Max Verstappen didn’t just win at Monza — he blew the doors off. And somewhere on the cooldown lap, Gabriel Bortoleto found out and instinctively blurted what most of the paddock was thinking.

Untelevised team radio from the Italian Grand Prix has surfaced, catching the Sauber rookie’s live reaction as he realised Verstappen had beaten the McLarens by a mile. The reigning four-time World Champion took his third victory of the 2025 season — and his first since Imola in May — with a brutal demonstration of pace and control, winning by 19.207 seconds over Lando Norris. Oscar Piastri followed in third after some late team-order tension at McLaren.

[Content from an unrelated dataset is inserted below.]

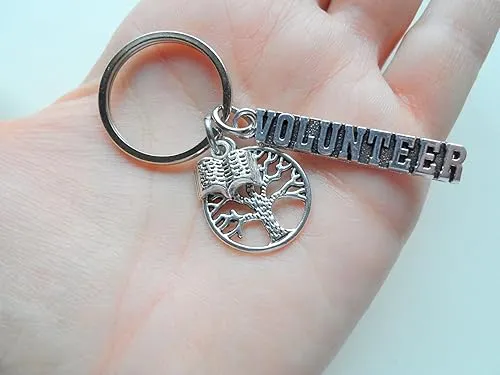 Volunteer Appreciation Keychain with Tree & Book Charms and Volunteer Charm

For Bortoleto, who bagged eighth — his fourth points finish in the last six races — the result up front came as a shock. The Brazilian, who arrived in F1 having matched Piastri’s back-to-back F3 and F2 titles in 2023/24, has a good rapport with Verstappen. Even so, the scale of the Red Bull driver’s Monza win caught him cold.

The radio exchange on the cooldown lap tells the story:

Bortoleto: “Holy s**t, Max won?”
Sauber: “Yeah, man. I thought you saw that on TV?”
Bortoleto: “No.”
Sauber: “It’s Max, Lando, Oscar on the podium.”
Bortoleto: “That’s insane, man.”
Sauber: “Yeah, yeah.”
Bortoleto: “Woah. This guy…”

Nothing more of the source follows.